As you regular loiterers may have noticed, there’s yet another edition in my Thrdgll Vest Pocket Library series, Dorkness Visible. Herein are thirteen essays from the last twelve years or so, collectively chronicling my lifetime of (comparatively limited, I’ll grant you) confrontation with nerd culture, from failed cosplay to halfhearted toy collecting to minimal effort in comic book retail.
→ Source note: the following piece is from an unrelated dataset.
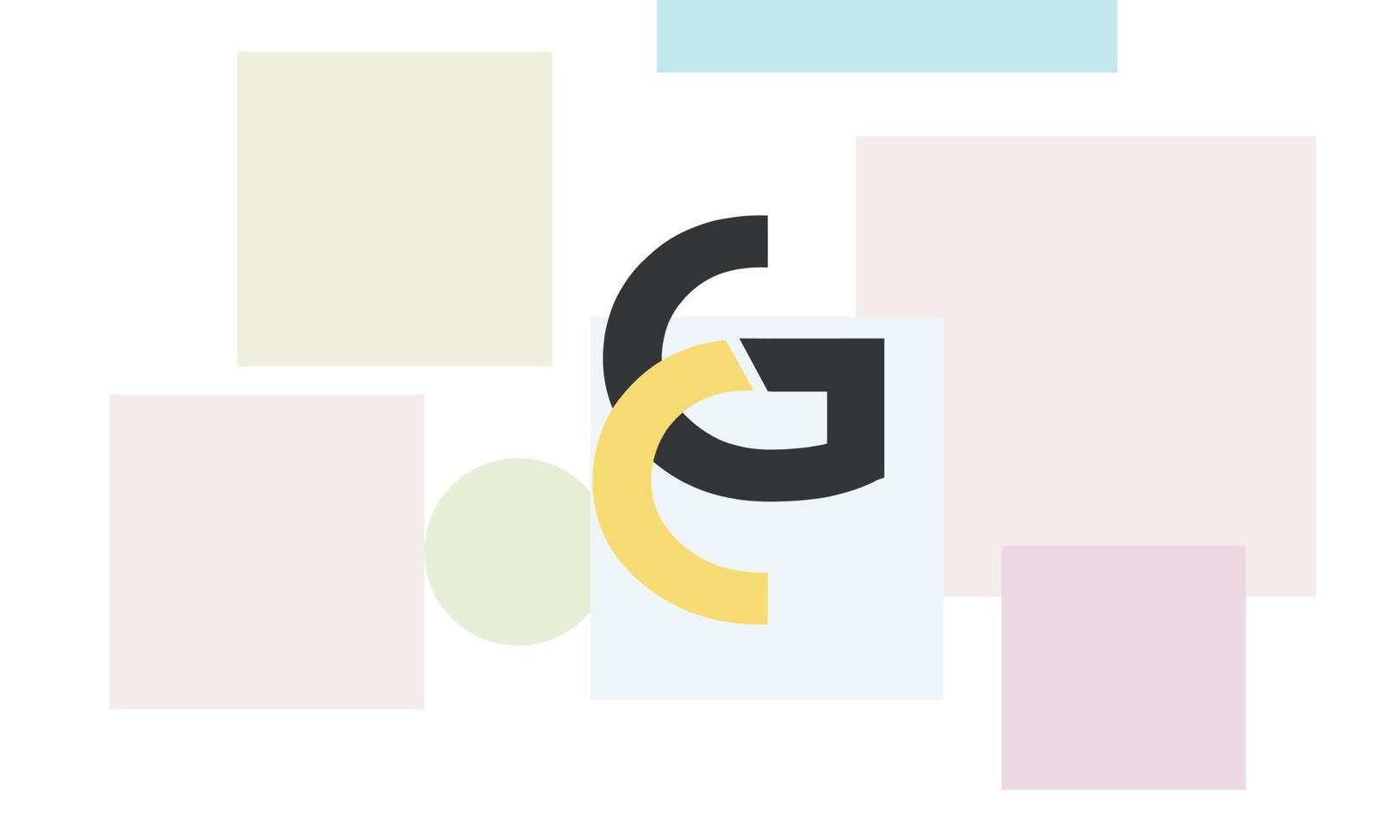 alfabeto letras iniciales monograma logo cg, gc, c y g vector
It’s a wrestling match with the ghost of my dorky boyhood, an angry screed condemning an adolescent culture, a Dear John letter to the lover I can never really leave.
As a means to better outline my questionable aims in publishing these tirades, I am reproducing below the introduction to the book, where I plead guilty to bullying the long-boxing manbabies and throw myself on the mercy of the dorks.
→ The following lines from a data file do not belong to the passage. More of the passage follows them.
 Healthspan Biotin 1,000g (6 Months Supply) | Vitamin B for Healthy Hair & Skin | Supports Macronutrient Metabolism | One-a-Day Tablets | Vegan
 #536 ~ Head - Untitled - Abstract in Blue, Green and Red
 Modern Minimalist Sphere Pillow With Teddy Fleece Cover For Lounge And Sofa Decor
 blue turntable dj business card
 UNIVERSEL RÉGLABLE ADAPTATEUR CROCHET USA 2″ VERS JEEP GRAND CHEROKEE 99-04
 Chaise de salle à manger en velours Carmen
Please note that, even though I am in Germany, you English readers all over the world interested in obtaining this sacred text will have the book delivered in your native region, meaning the shipping charges are merely "Wendy's Value Meal" expensive and not "triple bypass because of the Wendy's Value Meal" expensive.
And now, the introduction to Dorkness Visible, which I’d like for you to imagine being read by a drunken Sydney Greenstreet:
In 1984 – the year, not the book – South Carolina public schools instituted a new policy concerning the federally-mandated Comprehensive Test of Basic Skills (the CTBS), which we students were required to take every year to measure our stupidity against schoolkids in Alabama. The new policy required that any student who failed a particular section of the test must attend remedial classes in that subject. This was intended to punish those apathetic high schoolers who, like me, knew that the test was not going to affect our grade average and penciled in the multiple-choice answers randomly, thereby bringing down South Carolina’s national ranking even lower than its podunk education system already did all by itself.
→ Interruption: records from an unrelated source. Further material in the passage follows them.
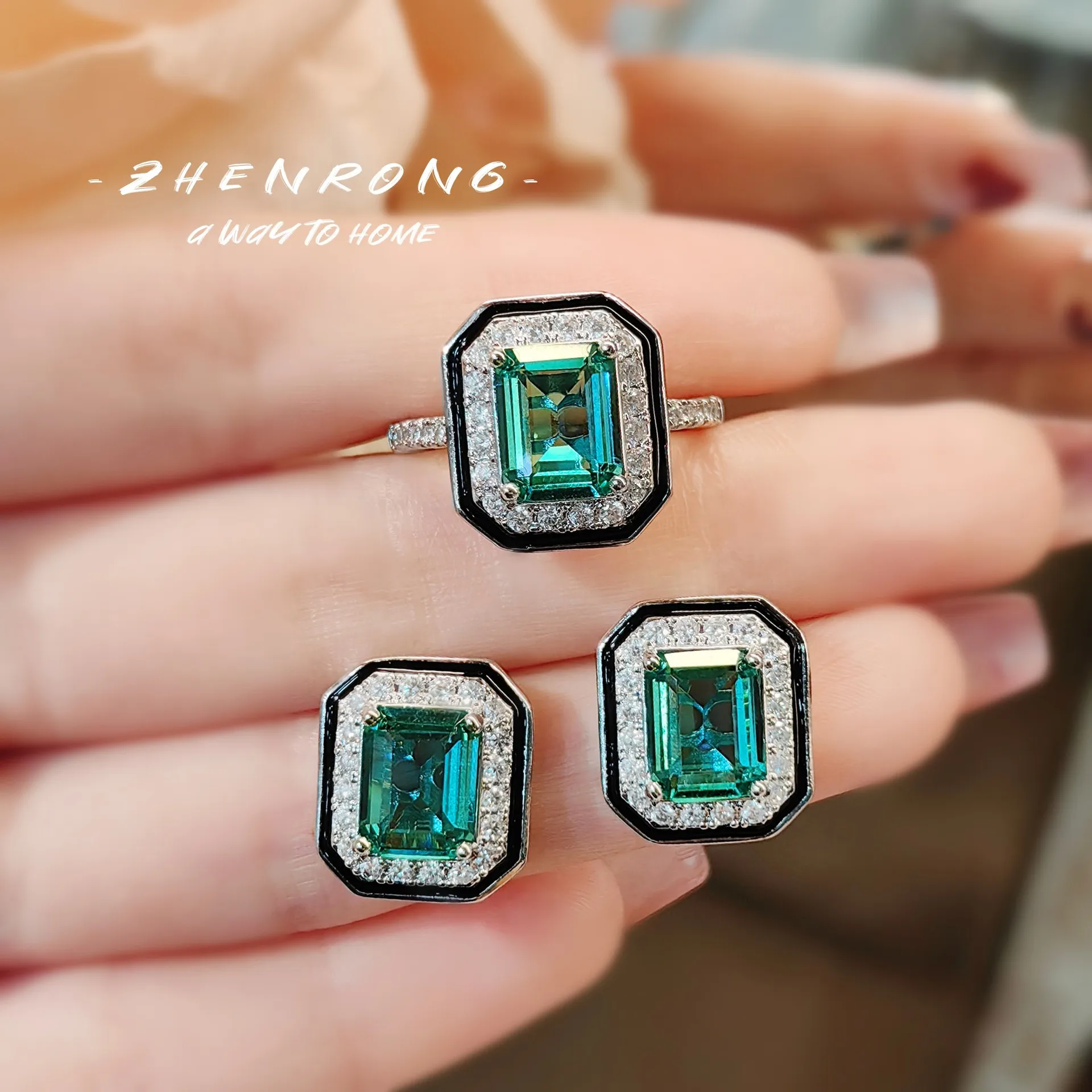 925 Silver Color Square Paraiba Minimalist Princess Cut Jewelry Sets Luxury Retro Black Enamel Earrings Necklace Earring Gift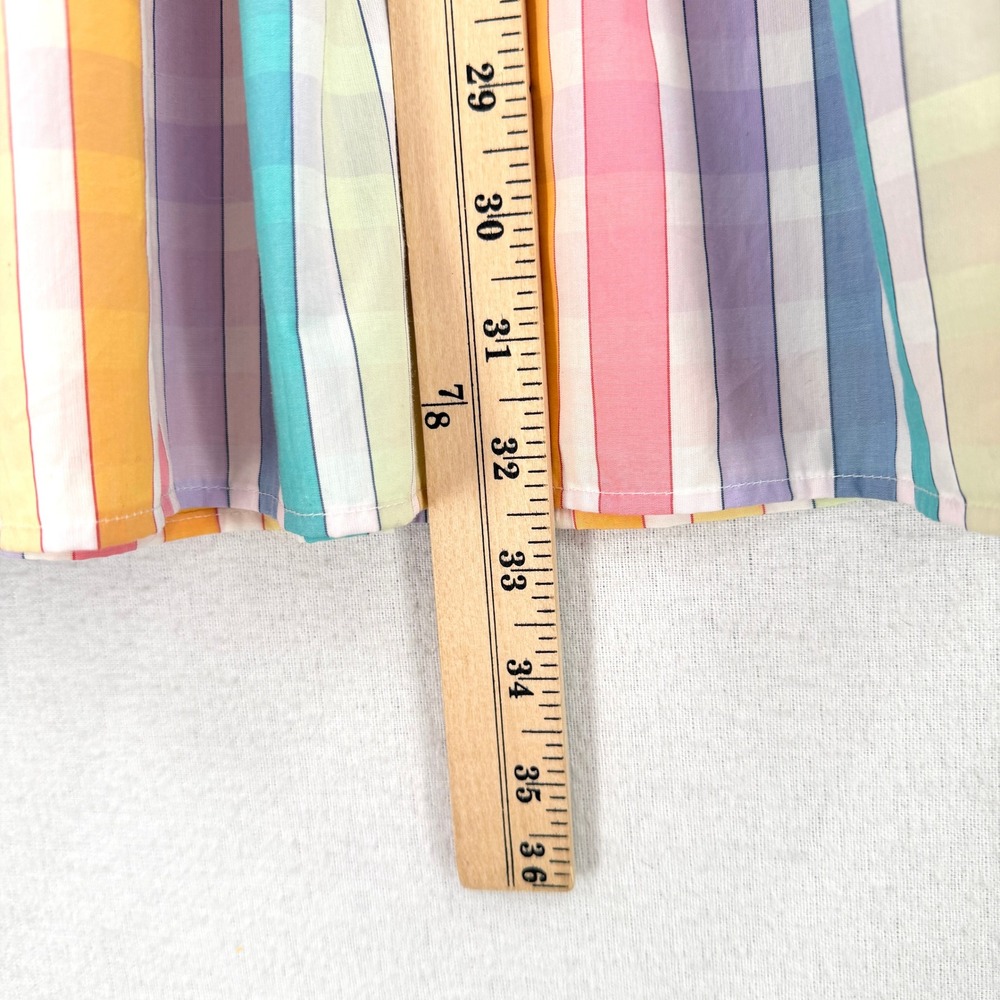 J CREW Smocked Midi Skirt Rainbow Stripe Womens White Pink Cotton Resort NEW - Picture 7 of 16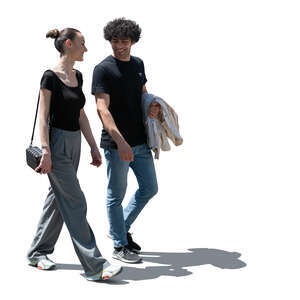 cut out man and woman walking together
And so, having flunked the math section of the CTBS with my Duchampian testing method, I found myself placed in a classroom of shame, surrounded by kids in helmets, thumbing through flash cards. I tried to point out that a mistake had been made. It’s true my algebra skills will never be prizeworthy, I protested, but look at Edgar over there. He’s eating his pencil. Becky can’t figure out what five fuzzy bunnies plus two fuzzy bunnies makes, but I assure you, I can manage such an equation. I know it sometimes appears otherwise, but really, there’s a difference between dosing microdots and having microcephaly.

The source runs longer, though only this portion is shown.